At least two families expressed interest in adopting her baby. But after she learned of the McAninley's circumstances, "There was no other question in my mind that these would be the people who would raise my daughter. There would be many babies for me, but not for her."

A local lawyer arranged a private adoption. From the start, the McAninleys made it clear to their daughter that she was free to find her biological parents when the time was right.

"I always gave her the information I had, and said if she intends to look, she's got my blessing, and I only hoped she'd do it while I was alive," said McAninley, who lives near her daughter in Bristol Township.

"She had looked previously, but it was always at times when she was applying to college, or graduating, or getting ready to be married."

Scheer grew up with "The Chosen Baby," a children's book written to help little adoptees understand their circumstances, and a poem, "Legacy of An Adopted Child." ("One gave you up ... that's all she could do.
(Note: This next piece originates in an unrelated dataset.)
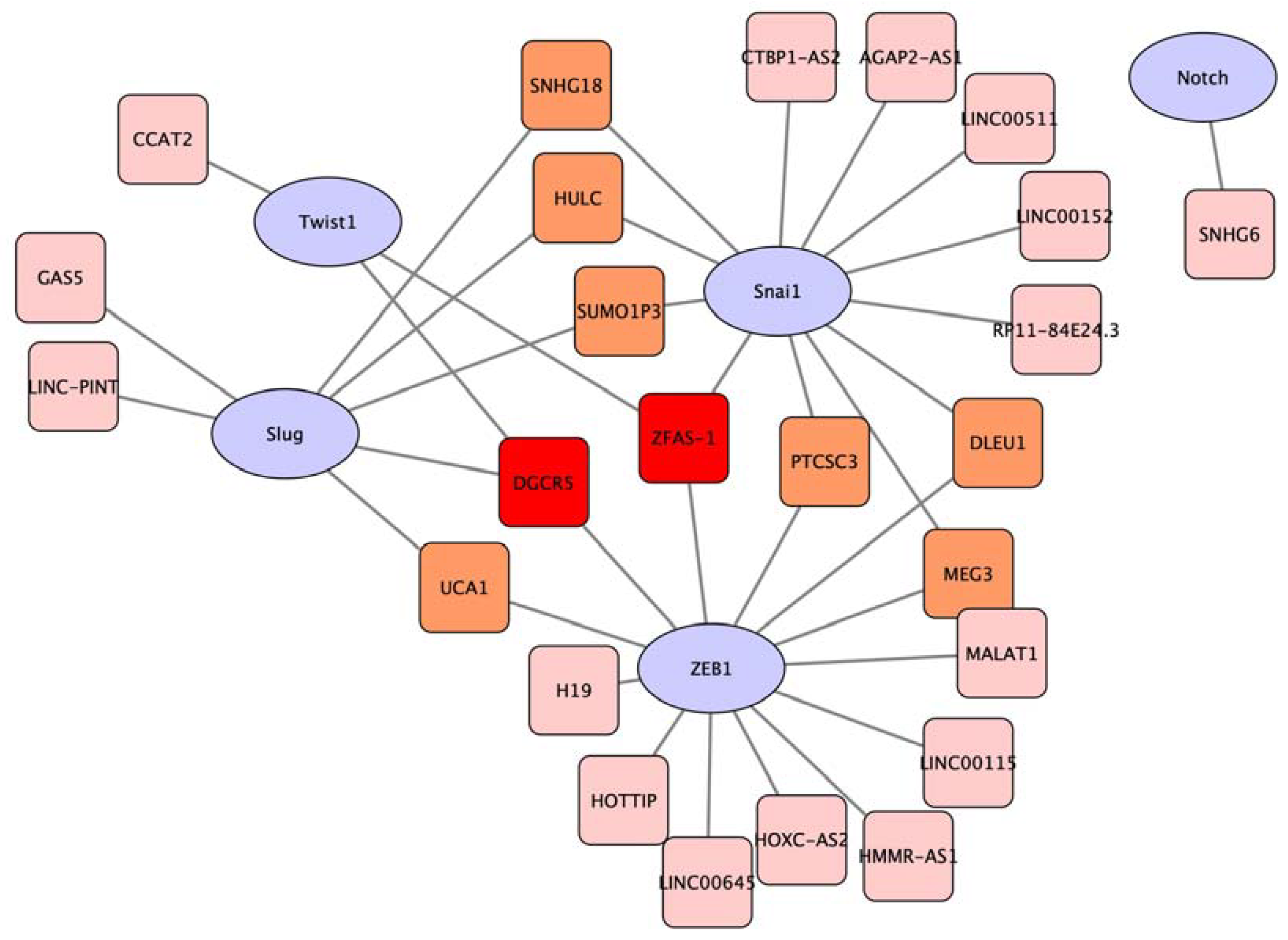 Biology 12 00818 g003 Biology 12 00818 g003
The other prayed for a child and God led her straight to you.")

"In time, if it was meant to be, it was meant to be," said Scheer. "I wasn't going to let it stop me from going on with my life," which now includes her husband, Jonathan, and their 4-year-old son, Jaydon.

Meanwhile, McAninley kept her eyes open for any information that would help her daughter's search. One day she spied the obituary for Richard Gladwin, who Gill remembered had cried all day after handing his newborn granddaughter over to the lawyer.

"I recognized his name, and I recognized some of the other names," McAninley said. The story revealed that Dianne Gladwin was now Dianne Gill.

Over the years, Scheer had tried to find her biological mother using an old-style adoption registry (she has been unable to locate her biological father).

Gill, who always maintained that "When I gave her up, I gave up my right to find her," still meticulously updated her address on adoption.com every time she moved, adding a little note for her daughter.

"Unfortunately, she never looked on adoption.com," Gill said.

As Scheer began searching online, she realized that in an era of Facebook searches, maiden names are critical. She added "Gladwin" to the search field and got an instant hit.

Scheer and Gill exchanged more than 3,700 Facebook messages from April 3 until last Tuesday, when they met, and spoke, for the first time, at a pizza place near Scheer's home in Levittown.

The women hugged. Gill said she sat for 10 minutes and stared at her daughter, a tall, wisecracking young mother with a strong Gladwin family resemblance.

"I wanted to count her fingers and toes," she said. "I felt complete for the first time in my life."

"It was like two best friends meeting after many years," said Scheer. "Like I went away to college for 37 years."

Her family has virtually doubled overnight, to include her brother, Sean, and a host of aunts, uncles and cousins who can't wait to meet her. When they do, she'll be armed with a collection of baby pictures that her parents assembled.

"I didn't cry when I met her," said Gill. "When I met her mother, I cried. I was so grateful to her for raising such a fine girl ... it's love, great values, the values I would have taught her myself, but I wouldn't have been able to teach her at 16."

Scheer said she is happy to take her history in stride.

"I could have been an abortion, I could have been in an orphanage, I could have been in foster care, I could have been on the street," she said. "I wasn't, because all the right decisions were made at the right time."